Understanding Dr. Uju Anya’s outburst against Queen Elizabeth would be difficult for persons outside the world view and socio-cultural milieu of the Igbo and all those who know the British colonial and reo-colonial agenda that made Biafra war possible. Colonialism, under international customary law was lawful. So, it was an accepted usage which several European states Spain, Portugal, France, Denmark, Germany, Britain and Belgium) embraced as an economic tool to enrich their respective economics. Almost all these colonizer-countries engaged in humongous acts of violence and dehumanization that dislocated or even obliterated the cultural values and human dignity of the affected societies as witnessed in American India communities, the Congo, Nigeria and southern Africa.

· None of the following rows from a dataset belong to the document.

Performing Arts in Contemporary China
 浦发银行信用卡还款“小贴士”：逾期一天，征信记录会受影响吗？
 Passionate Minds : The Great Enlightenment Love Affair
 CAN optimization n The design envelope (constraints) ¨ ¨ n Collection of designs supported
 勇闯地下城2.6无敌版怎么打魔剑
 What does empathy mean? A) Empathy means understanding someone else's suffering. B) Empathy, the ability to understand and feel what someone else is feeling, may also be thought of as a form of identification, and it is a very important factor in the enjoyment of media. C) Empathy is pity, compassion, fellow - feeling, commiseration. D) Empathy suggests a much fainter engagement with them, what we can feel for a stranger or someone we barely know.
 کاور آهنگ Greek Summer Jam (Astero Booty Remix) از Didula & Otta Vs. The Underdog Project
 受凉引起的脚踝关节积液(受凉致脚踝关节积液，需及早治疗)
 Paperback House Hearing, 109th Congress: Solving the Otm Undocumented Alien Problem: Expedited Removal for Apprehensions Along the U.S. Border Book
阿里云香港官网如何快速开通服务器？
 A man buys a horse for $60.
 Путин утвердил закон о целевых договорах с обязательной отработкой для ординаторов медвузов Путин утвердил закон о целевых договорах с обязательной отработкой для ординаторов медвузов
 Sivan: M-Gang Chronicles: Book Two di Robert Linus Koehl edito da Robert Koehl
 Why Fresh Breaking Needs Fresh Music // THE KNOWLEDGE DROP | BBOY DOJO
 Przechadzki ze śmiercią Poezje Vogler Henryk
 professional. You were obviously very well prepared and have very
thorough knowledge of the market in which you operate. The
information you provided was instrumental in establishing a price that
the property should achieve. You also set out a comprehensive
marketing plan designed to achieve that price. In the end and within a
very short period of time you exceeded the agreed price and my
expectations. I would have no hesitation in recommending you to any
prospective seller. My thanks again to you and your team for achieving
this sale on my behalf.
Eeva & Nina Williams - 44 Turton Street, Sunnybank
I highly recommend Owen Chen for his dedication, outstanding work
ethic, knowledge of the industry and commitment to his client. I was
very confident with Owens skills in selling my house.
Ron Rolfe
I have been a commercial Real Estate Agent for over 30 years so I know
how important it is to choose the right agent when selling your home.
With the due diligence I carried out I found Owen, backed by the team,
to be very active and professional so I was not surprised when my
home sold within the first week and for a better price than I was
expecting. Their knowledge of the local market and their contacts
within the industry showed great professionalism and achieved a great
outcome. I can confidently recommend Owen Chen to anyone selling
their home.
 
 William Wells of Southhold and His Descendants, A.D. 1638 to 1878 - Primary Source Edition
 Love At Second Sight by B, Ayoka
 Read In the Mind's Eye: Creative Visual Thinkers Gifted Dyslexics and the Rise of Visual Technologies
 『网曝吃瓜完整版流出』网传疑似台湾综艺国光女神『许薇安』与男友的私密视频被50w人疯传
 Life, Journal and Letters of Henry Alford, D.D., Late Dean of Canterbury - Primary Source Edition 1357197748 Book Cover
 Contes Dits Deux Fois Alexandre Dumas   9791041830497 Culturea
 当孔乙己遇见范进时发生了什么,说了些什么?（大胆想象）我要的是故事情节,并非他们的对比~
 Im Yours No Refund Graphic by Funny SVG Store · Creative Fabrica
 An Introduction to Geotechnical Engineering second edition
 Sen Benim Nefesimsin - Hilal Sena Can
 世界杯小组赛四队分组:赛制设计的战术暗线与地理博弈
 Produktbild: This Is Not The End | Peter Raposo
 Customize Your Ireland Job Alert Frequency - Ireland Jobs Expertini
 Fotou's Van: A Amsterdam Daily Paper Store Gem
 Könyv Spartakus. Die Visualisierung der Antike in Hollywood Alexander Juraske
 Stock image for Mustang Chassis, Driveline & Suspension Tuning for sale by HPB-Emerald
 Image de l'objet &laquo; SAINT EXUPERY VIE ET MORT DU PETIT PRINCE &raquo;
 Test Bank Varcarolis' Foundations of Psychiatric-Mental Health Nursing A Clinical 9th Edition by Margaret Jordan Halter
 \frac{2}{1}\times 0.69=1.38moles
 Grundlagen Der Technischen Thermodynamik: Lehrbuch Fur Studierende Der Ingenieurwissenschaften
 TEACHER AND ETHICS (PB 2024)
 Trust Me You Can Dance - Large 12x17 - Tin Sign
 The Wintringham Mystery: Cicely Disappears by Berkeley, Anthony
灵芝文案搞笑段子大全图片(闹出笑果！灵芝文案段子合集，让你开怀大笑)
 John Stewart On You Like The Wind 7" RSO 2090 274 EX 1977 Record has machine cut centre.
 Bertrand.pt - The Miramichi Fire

But it was the structuring and administration of these colonies that the actual irreversible damage of the communities happened in terms of their humanity and dignity. And this damage remains quite painful. It is the knowledge of what Britain did to Nigeria and particularly to the Igbo which resulted in Biafra holocaust that is so painful to every Igbo of the younger generation and this pain is what you see physically expressed by Dr. Anya and Nnamdi Kanu in their actions.

When Britain conquered the geographical space containing over 250 ethnics nationalities, humped them together to form Nigeria between 1861-1914, the Igbo were the most difficult to subjugate because of their socio-cultural setting of scattered communities and culturally ingrained ethos of freedom, egalitarianism and equality that made their subjugation difficult.

Having pacified the Igbo and other tribes, Britain set to govern the new country not on the political parameters of Lagos, its first colony’s governance structure, but on the parameters of Sokoto Fulani feudal and autocratic caliphate system and this was inimical to the peoples outside the Fulani Sokoto Caliphate, particularly the Igbo and their immediate neighbours of Akwa-Cross and Rivers areas. The 1929 Aba riots was a testament to these groups’ rejection of feudal and autocratic system. Britain is a slave and conformist society and expected nothing less from its subject-communities.

So, when the Igbo proved stubborn to govern, Britain took note and bided its time. So, when in the 1930s, Nnamdi Azikiwe happened at Accra, Gold Coast now Ghana and later returned to Nigeria settling in Lagos where he became a journalist, founded West African Pilot newspaper that subjected British colonial policy to blistering criticisms and graduated to become one of the early political nationalists that become thorns to the tender skins of British colonialism, Britain took note.

Knowing Azikiwe’s Igbo root, Britain marked the Igbo as public enemy to be dealt with. The major political party, the Nation Council of Nigeria and Cameroon (later National Council of Nigeria Citizens, NCNC) formed by Herbert Macaulay, an Yoruba and Nnamdi Azikiwe, an Igbo became the major vehicle for nationalist agitation for decolonization of Nigeria and again, Britain took note of this seeming Igbo pestilence to Britain that appeared pertinacious threat to British interest.